Pur essendo tutt’altro che “una grande saga della storia del cinema”, nonché relativamente fresca in termini di nascita, produzione e affermazione presso il grande pubblico, è proprio e anche questo il caso di The Witcher, una delle poche serie Netflix recenti realmente valide, che, adattando per il piccolo schermo (successivamente ad una formidabile trilogia di videogiochi) la Saga di Geralt di Rivia scritta ed ideata dall’autore polacco Andrzej Sapkowski, dà vita ad un racconto apparentemente nolaniano, forse fin troppo complesso e contorto, che può però contare su un cast di personaggi carismatici e su un mondo diegetico ben (rap)presentato e raccontato per colpire lo spettatore ed ambire, dopo Il trono di spade, al titolo di “nuova, grande serie fantasy”.
The Witcher: Nightmare of the Wolf è il primo dei due prodotti anime (i quali, dalla stupenda Castelvania in poi, stanno avendo sempre più successo sulla piattaforma di Los Gatos) con cui la serie polacco-statunitense ideata da Lauren Schmidt Hissrich (anche qui impegnata, ovviamente, in veste di produttrice) intende espandere e donare un background più concreto al proprio universo narrativo.

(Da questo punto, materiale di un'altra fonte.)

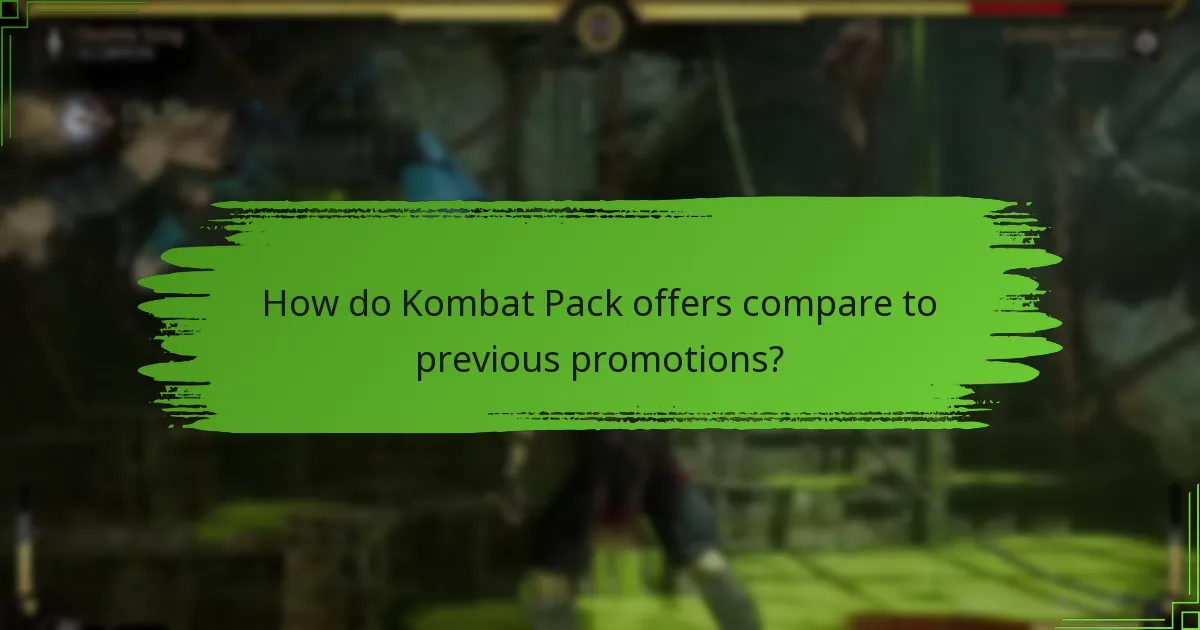 How do Kombat Pack offers compare to previous promotions?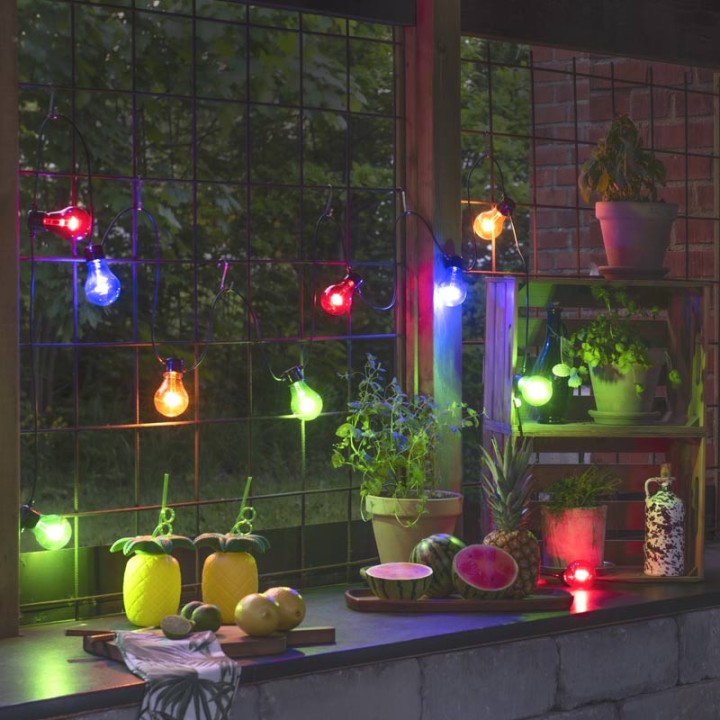 Guirlande lumineuse de terrasse 10 m extensible, 10 ampoules multicolores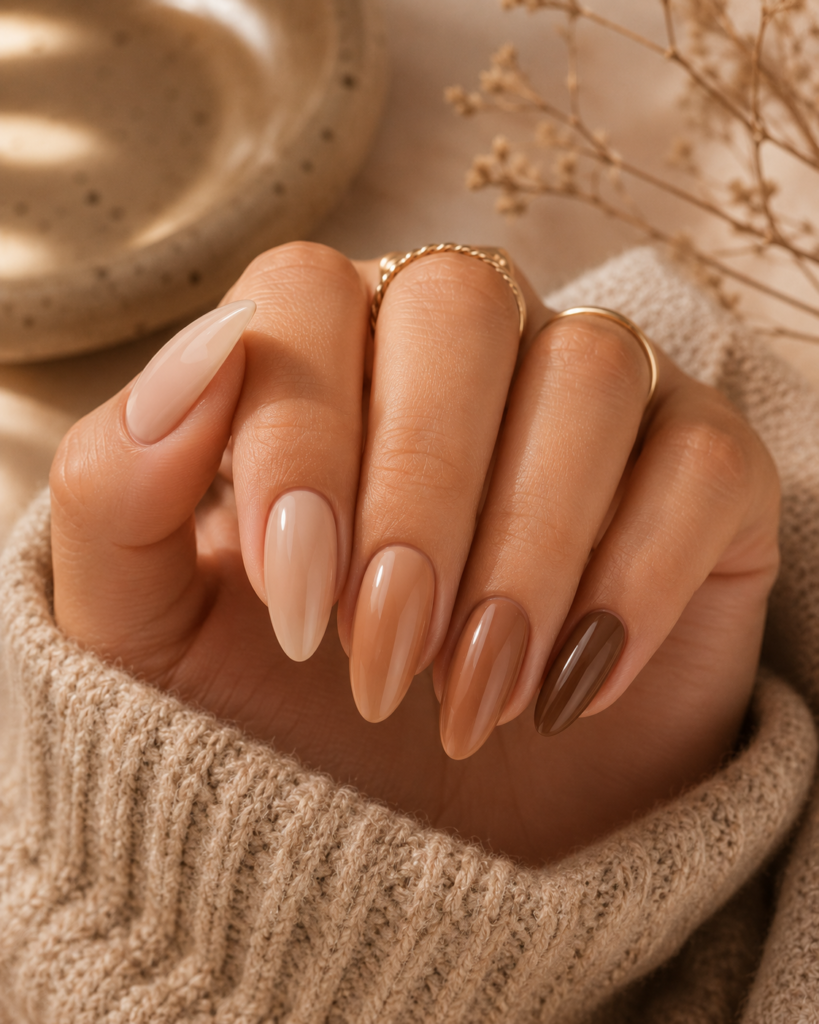 Soft Latte Ombre Nails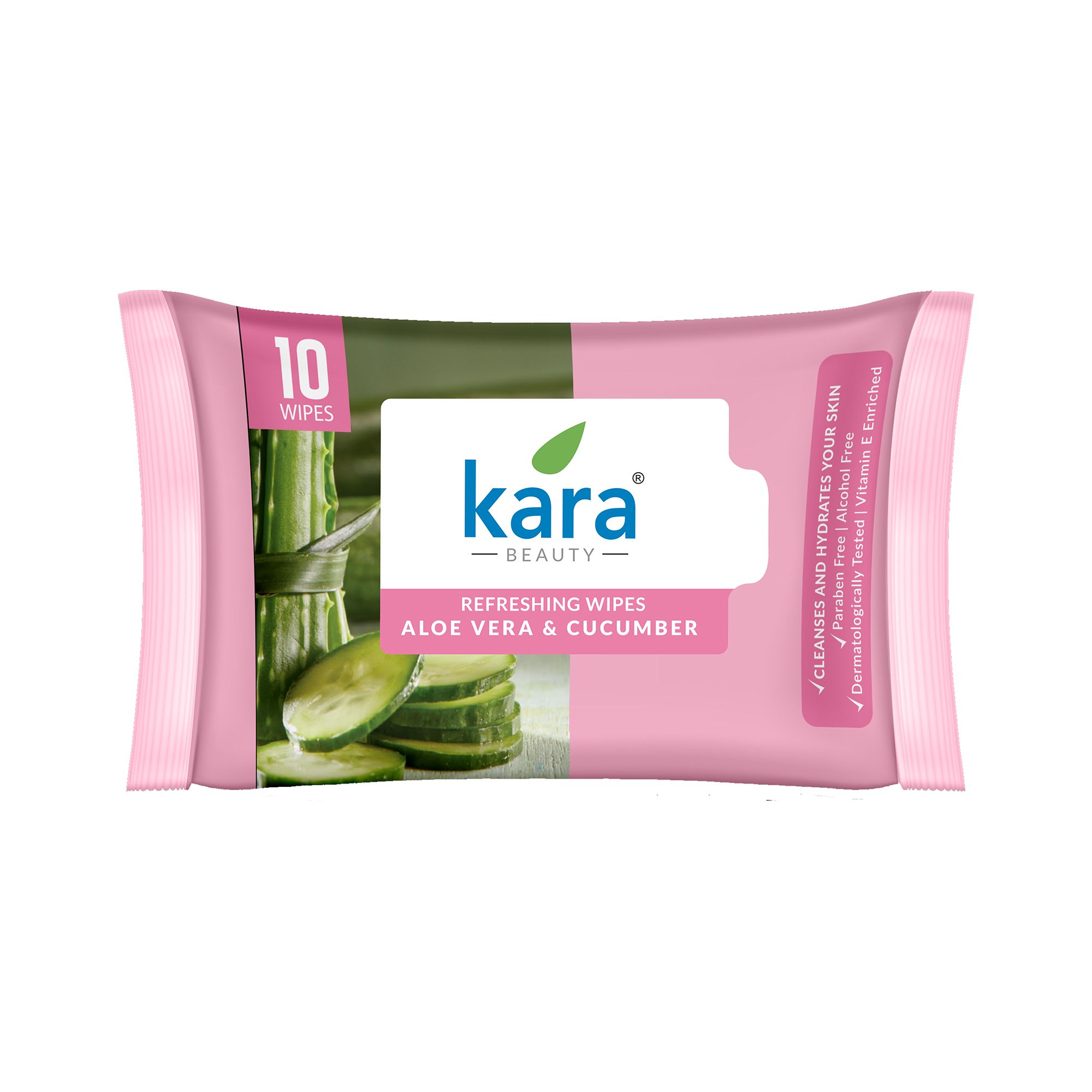 Kara Aloe Vera & Cucumber Refreshing Facial Wet Wipes | Cooling & Hydrating | Pack of 12 (120 Pieces)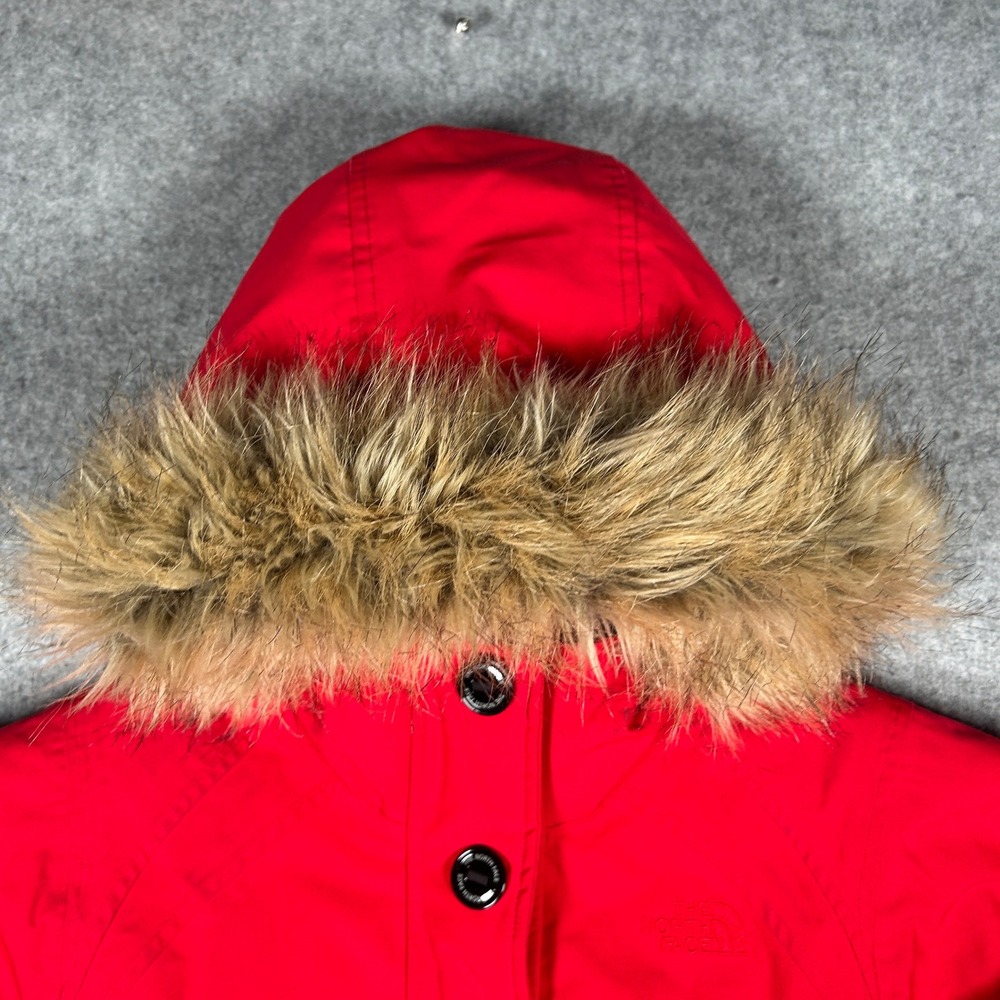 The North Face‎ jacket Womens Small Red hooded fur Down Insulated puffer quilt - Picture 2 of 16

Quello concepito e animato dai creativi del sudcoreano Studio Mir, sotto la supervisione del regista Han Kwang Il, e composto dallo sceneggiatore Beau DeMayo è infatti un prequel atto a raccontare le origini ed una delle avventure (quella che porterà poi alla famigerata battaglia di Kaer Morhen e alla caduta del corpo dei witcher) più importanti di Vesemir. Un nome ed un personaggio, quest’ultimo, che gli amanti dell’universo di Sapkowski (nelle sue varie forme e propaggini) conosceranno di sicuro, a differenza viceversa di tutti coloro che hanno visto soltanto la serie, che il personaggio invece lo incontreranno, per la prima volta, nella stagione (la seconda) di prossima uscita. Seppur in vesti completamente differenti.
Quello presentatoci da Nightmare of the Wolf è infatti un Vesemir giovane, temerario e guascone, ancora lontano dall’essere il mentore di Geralt. Uno strigo apparentemente come tanti altri, interessato soltanto al guadagno e a godersi tutti quei piaceri della vita che riesce a permettersi uccidendo mostri e talora ingannando qualche contadino credulone. Nel profondo però, egli è segnato da un passato fatto di miseria e povertà - da cui ha tentato di scappare a tutti i costi - e di un amore mai avveratosi. Un passato che si ripresenta con forza, quando il nostro si ritrova a salvare un bambino dalla morsa di un leshen che sembra essere controllato da qualcosa o qualcuno di estremamente potente.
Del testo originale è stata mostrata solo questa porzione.